• _Record set_:
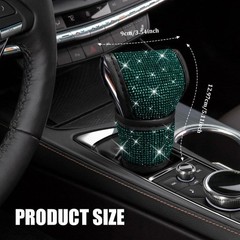 Bling Crystal Rhinestone Gear Shift Knob Cover for Cars, Sparkly Color: Green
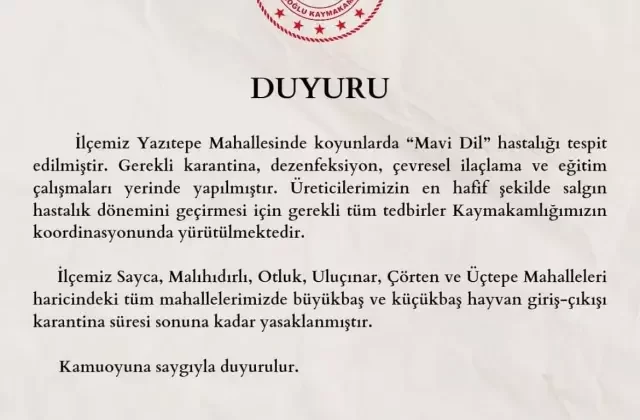 Adana’da Mavi Dil Hastalığı Nedeniyle Karantina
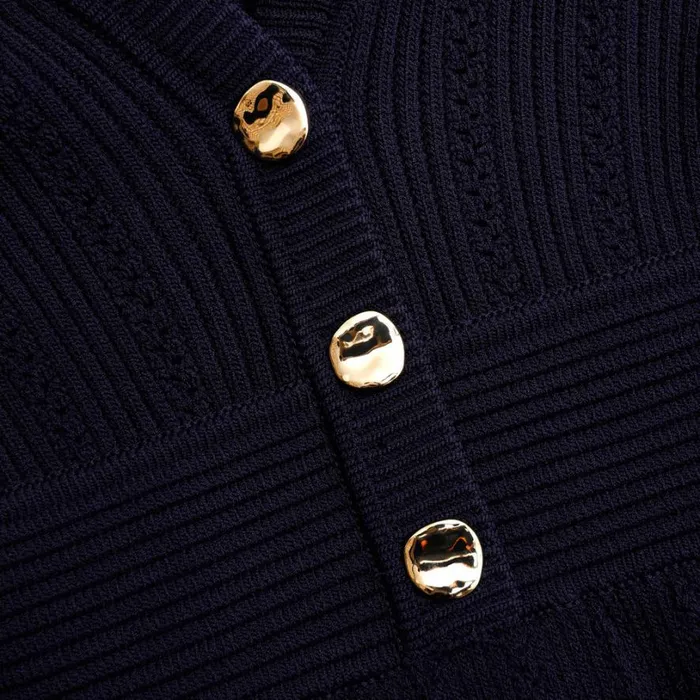 Navy Pointelle Knit Mini Dress Women Self Portrait Dresses Navy Pointelle Knit Mini Dress Women Self Portrait Dresses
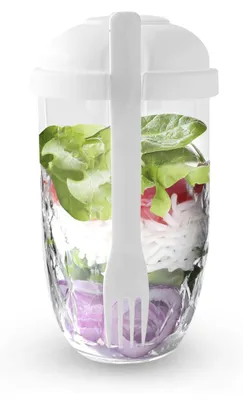 Produktbild von Set von 2 Tragbaren Lunchboxen mit Gabel und Dressingbehälter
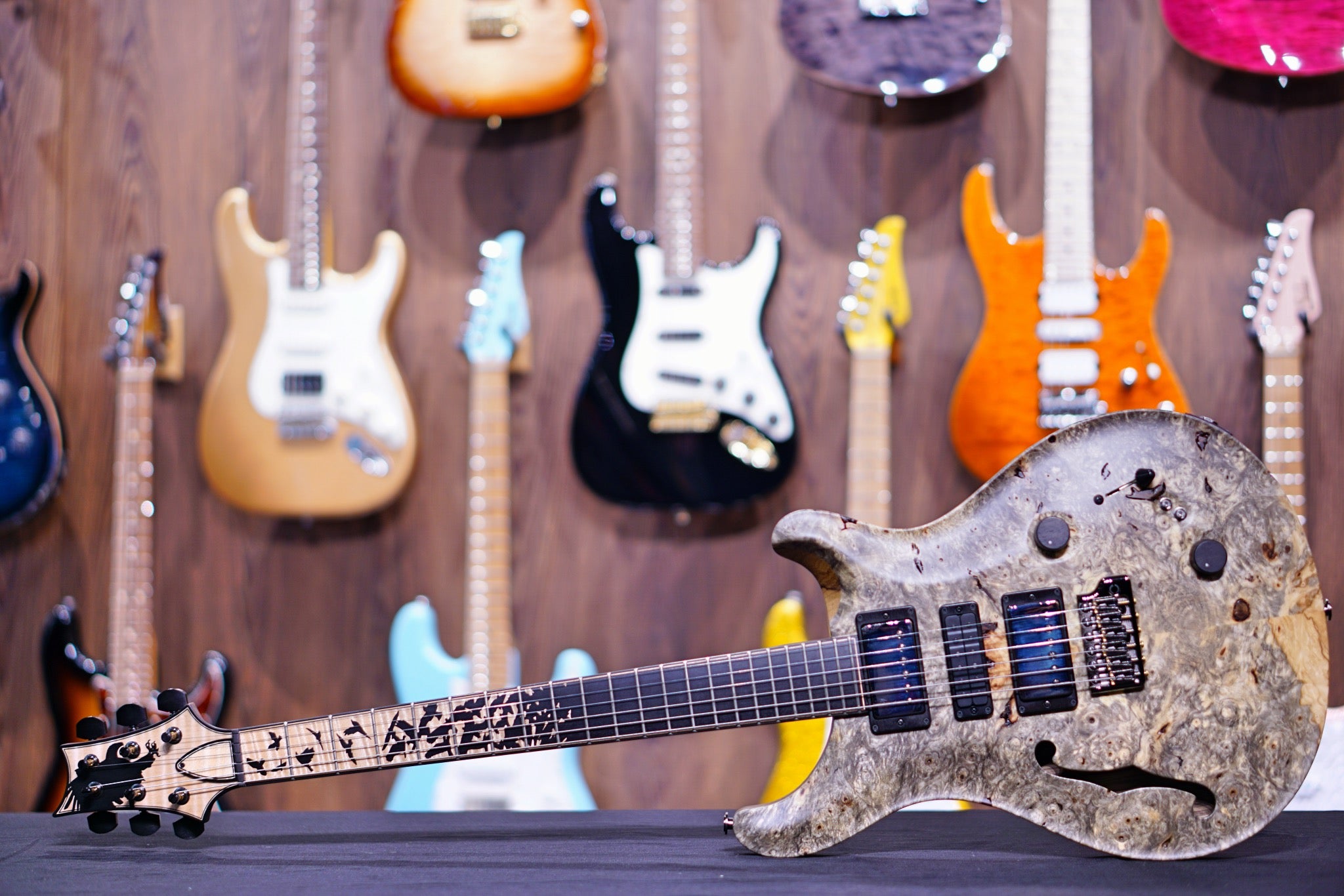 PRS Private stock Special semi hollow buckeye burl birds of a feather #8601 - HIENDGUITAR PRS GUITAR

• _Problem details_:
Exactly as written, restate the lines from the one that contains "Adana’da Mavi Dil" through the final line of the data, both ends included, but leave out the pictures.

• _Solved exercise_:
 Adana’da Mavi Dil Hastalığı Nedeniyle Karantina
 Navy Pointelle Knit Mini Dress Women Self Portrait Dresses Navy Pointelle Knit Mini Dress Women Self Portrait Dresses
 Produktbild von Set von 2 Tragbaren Lunchboxen mit Gabel und Dressingbehälter
 PRS Private stock Special semi hollow buckeye burl birds of a feather #8601 - HIENDGUITAR PRS GUITAR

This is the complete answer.